5 Things You May Regret NOT Doing

Recent CBS reports have highlighted that America’s college loan crisis continues to build as student debt has surpassed $1.5 trillion dollars. While the number of loan applications has decreased by 20 percent, total student debt has increased by about $500 billion due to rising costs of education and poorly structured repayment plans.

Yet, despite this national crisis, the National Center for Education Statistics says enrollment in American colleges and universities will rise to 20.5 million students by fall 2027. The need for a strategic college savings plan has never been more apparent or imperative. Below are five action items that could become regrets or game changers:

1. Establish 529 accounts for each student as early as possible—529 plans, officially known as “qualified tuition plans,” are tax-advantaged plans designed to encourage saving for future educational costs. Withdrawals from these state-, state agency-, or educational institution- sponsored plans are not federally taxable as long as the withdrawn amount is spent on qualifying expenses. Understanding and following the rules for spending are important as detailed records must be submitted to the IRS. However, the benefits are well worth the effort of record keeping.

Contributions—Parents can save up to $15,000 per parent per year in a 529 account, or $30,000 per couple, and grandparents can also contribute up to $15,000 per person per year. While contributing more than $15,000 per person would need to be reported to the IRS as a gift, a 529 account can be “superfunded” with contributions of $150,000 per couple (or $75,000 per person)—effectively using up an individual’s federal gift tax exclusion for five years.

Qualifying expenses—As of 2018, tuition expenses for elementary, middle, and high schools (private, public or religious) are qualifying expenses for 529 funds. However, not all expenses will qualify as funds must solely be used for expenses related to education. For example, while tuition and fees are considered required expenses, the cost of room and board do have restrictions. Additional qualified expenses are as follows: tuition, fees, books and supplies, equipment required by school, room and board, and computers (including tablets) and peripherals (such as printers and software).

2. Start the college conversation as early as freshman year of high school—While it may be hard to imagine a 15 year old knowing what type of college they want to attend, intentional conversations about college choices and funding are key and keep everyone on the same page. Provided are a few questions to start the conversation: What does your student want from college? How much will the student be responsible for? Will they be expected to work? Will they need to take out student loans? How do student loans work? What do student loans mean for the student’s financial future after graduation?

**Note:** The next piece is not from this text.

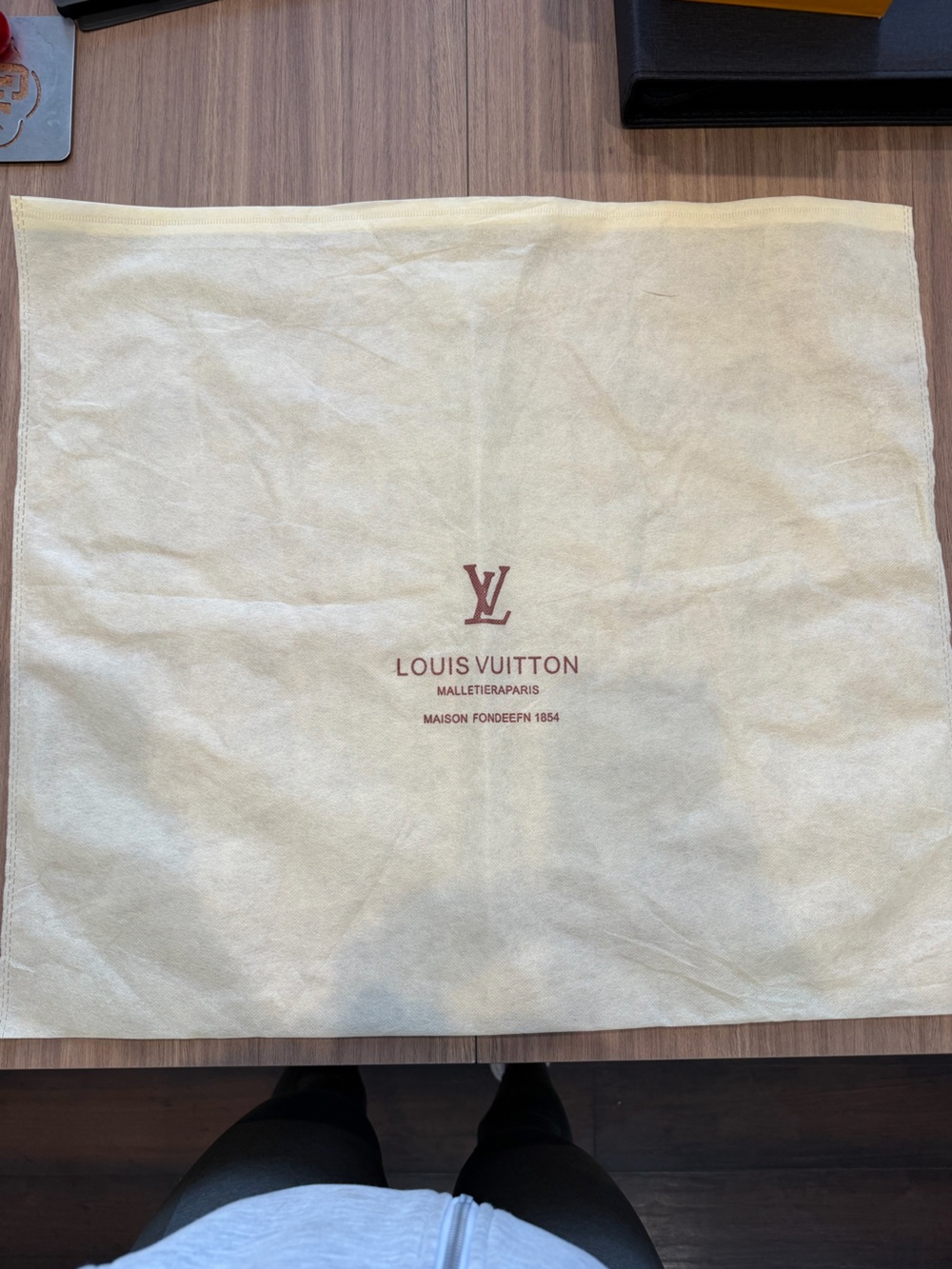 Louis Vuitton Beige Duffle Bag Dust Bag with Maroon Logo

3. Complete a FAFSA form every year, starting their senior year of high school—The Free Application for Federal Financial Aid (FAFSA) is usually available each fall. This application is important to anyone with senior high school students and/or current college students, regardless of the family’s financial situation. In an analysis by NerdWallet, a total of $2.3 billion in free federal grant money was leftover in 2017 as more than 1.2 million high school graduates did not complete a FAFSA application. Within two weeks of completing a FAFSA application, a Student Aid Report is provided, displaying the Expected Family Contribution. This number targets the amount the family is expected to pay for the colleges and/or universities identified by the individual.

4. Take advantage of education tax credits—The two most common education credits are the American Opportunity Tax Credit and the Lifetime Learning Credit. While only one credit can be claimed for a student each year, the reduction to the family or individual’s tax liability can be very advantageous.

The American Opportunity Tax Credit offers a $2,500 credit (reduction to the tax liability) for $4,000 in qualified expenses. This tax credit matches the first $2,000 qualified expenses dollar for dollar and then 25% of the next $2,000. Thus, if an individual spends $4,000 of their own money (not 529 funds), they will receive a $2,500 tax credit. To qualify for the full credit in 2018, the adjusted gross income for single parents must be $80,000 or less, or $180,000 or less for those married and filing jointly. The total credit cannot exceed $2,500 and can only be claimed for 4 years. Qualified expenses for this credit do not include room and board but overlap some of the expenses that the 529 funds would cover. Therefore, consider securing this tax credit first before spending the 529 funds.

The Lifetime Learning Credit has no limit to the number of years it can be claimed. It provides up to a $2,000 tax credit on the first $10,000 of college expenses. The adjusted gross income for a single filer must be $57,000 or less or $114,000 if married and filing jointly.

5. Exhaust scholarship searches and applications—Opportunities for scholarship money are numerous. While the work is tough, the reward can be significant. The Big Future website, through collegeboard.org, provides information about free scholarships, other financial aid opportunities and internships from more than 2,200 programs that total nearly $6 billion. Also, nonprofit Thrivent (www.thrivent.com) has resources that provide free scholarship research tools for students who are willing to put in the time to search and apply for award money.